▸ Task to complete:
Go through the data and copy every line in which "with" appears.
[[ Records for the task, beginning ]]
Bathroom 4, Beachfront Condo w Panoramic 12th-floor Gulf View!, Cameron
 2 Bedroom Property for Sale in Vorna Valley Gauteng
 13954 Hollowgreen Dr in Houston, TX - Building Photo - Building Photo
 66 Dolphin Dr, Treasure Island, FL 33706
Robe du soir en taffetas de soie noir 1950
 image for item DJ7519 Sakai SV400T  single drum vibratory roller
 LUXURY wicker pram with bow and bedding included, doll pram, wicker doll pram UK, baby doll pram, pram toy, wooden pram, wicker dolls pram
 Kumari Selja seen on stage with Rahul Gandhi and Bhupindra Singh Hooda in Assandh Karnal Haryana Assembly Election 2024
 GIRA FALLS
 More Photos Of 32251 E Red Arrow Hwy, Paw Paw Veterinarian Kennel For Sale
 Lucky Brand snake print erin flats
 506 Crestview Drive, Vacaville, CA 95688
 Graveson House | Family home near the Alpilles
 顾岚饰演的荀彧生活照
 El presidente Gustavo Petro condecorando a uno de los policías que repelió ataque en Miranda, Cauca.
[[ Records for the task, end ]]
▸ Written answer:
 LUXURY wicker pram with bow and bedding included, doll pram, wicker doll pram UK, baby doll pram, pram toy, wooden pram, wicker dolls pram
 Kumari Selja seen on stage with Rahul Gandhi and Bhupindra Singh Hooda in Assandh Karnal Haryana Assembly Election 2024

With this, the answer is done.